We’ve had an interesting last couple of Sunday’s and setlists. For normal worship service, we’ve had to pretty much hope everyone can remember old stuff– face it, its the holidays and we can’t get together to practice. We have to pull it together!!
Amazingly enough, soundchecks went PERFECT (thanks baby Jesus) and the songs picked were slightly older, but enough time had passed where people wanted to hear them again. And interesting for me was the fact that for first service I play an interesting combo of lead/rhythm, whilst the 2nd and 3rd its all lead. The first service I am guaranteed the piano/keyboard and drummer. There is a bass/rhythm acoustic but I usually can’t have both. So I pull the weight of whoever is not there. If that makes sense…
1) no acoustic: play more strums, more natural chords.
2) no bass: more bassy notes, bass-like riffs, power chords attenuating the bass changes.
Which leads me to the point of the blog:
Today I realize I have 3 main pick styles I swap back and forth between during sets. And each pick has a different reason/role in the band setting.
1)Dunlop Tortex “Yellows”
This has been my old “stand-by” pick. Its fairly stiff, but has a hint of elasticity to strums and hard riffs. It all depends on how you hold it. Hold closer to the tip and it won’t bend much- very stiff. Hold closer to the wide base and it has a nice string attack when playing, like on an acoustic.
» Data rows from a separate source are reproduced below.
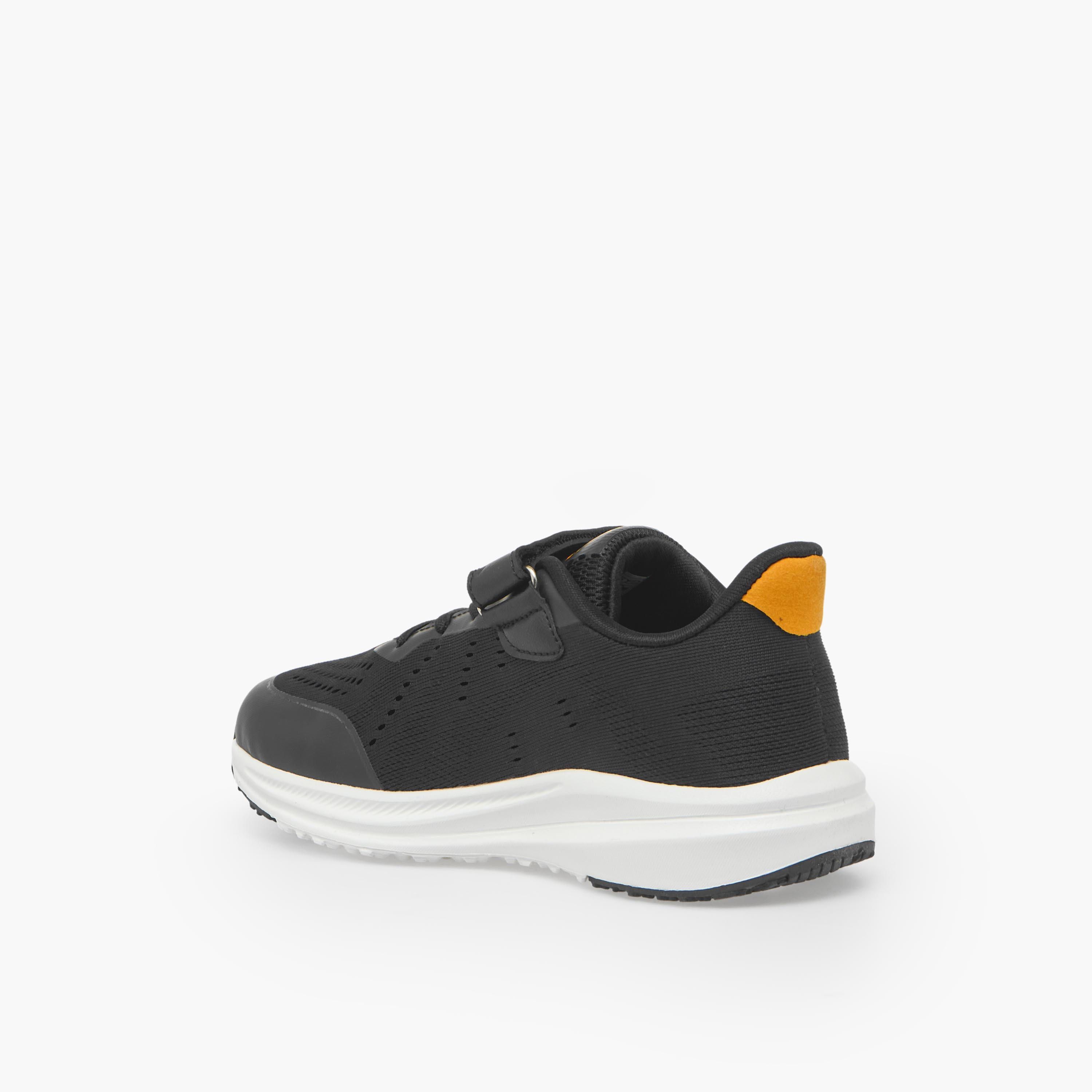 Kappa Boys Hook & Loop Sports Shoes-boys-shoes-sports-image-5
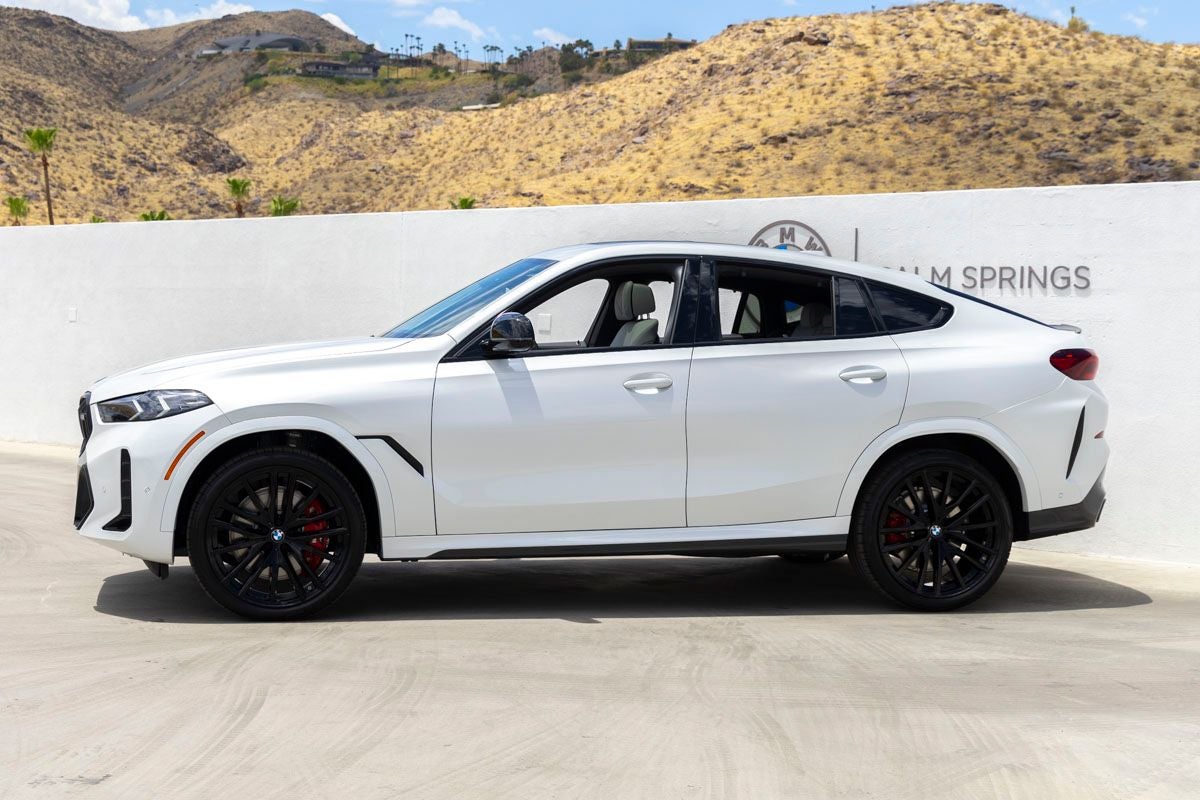 2027 BMW X6 M60i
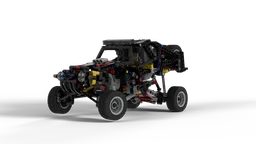 Trophy truck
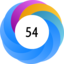Altmetric score 54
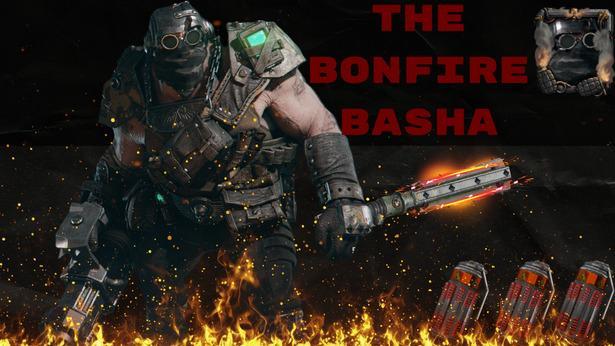 The Bonfire Basha - Shellshock Bomber Build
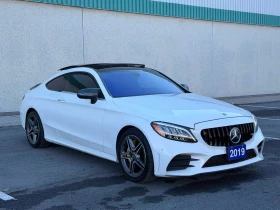 Mercedes-Benz C 300 AMG LINE/CARFAX/Подгрев/Панорама/360/Burmester/, снимка 8
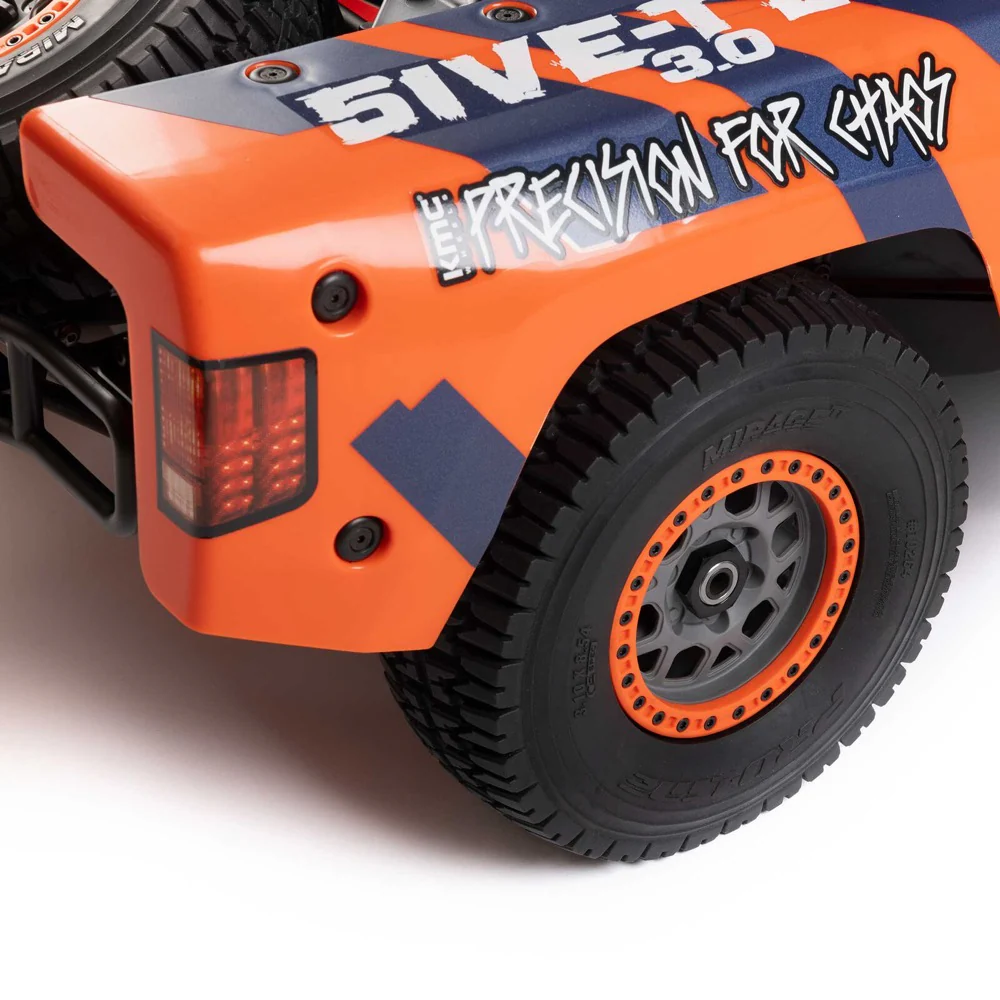 Losi 5IVE-TE 3.0 1/5 Electric 4WD Desert Truck - Image 44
I use these when I have to fill for the acoustic; for when my electric play is taking acoustic-type rhythms. Or for when I play 1/2 lead and 1/2 natural chord rhythms. (ex: Holy is the Lord- Chris Tomlin– light lead riffs for verses, chord for verses).
2) Dunlop Jazz III picks
These guys are awesome for speed, firm riffing, delayed dotted eighth riffs and light strums. Now, these are the favorite of many hardcore guitarists’ selections, so many may not 100% agree with me here. Most of these guys use this pick, and ONLY this pick for everything. Me– I can’t strum so well with this. I can get about 4 strings. If I try for all 6, I usually hit my fingers or drop the thing. But thats no problem: in my philosophy of electric playing, you should play on top of the bassline, and rhythm. So for playing a power chord, or a triad mid neck on the first 3 strings- no problem! You can hit it fast and accurately. I mainly use these when my role is straight lead.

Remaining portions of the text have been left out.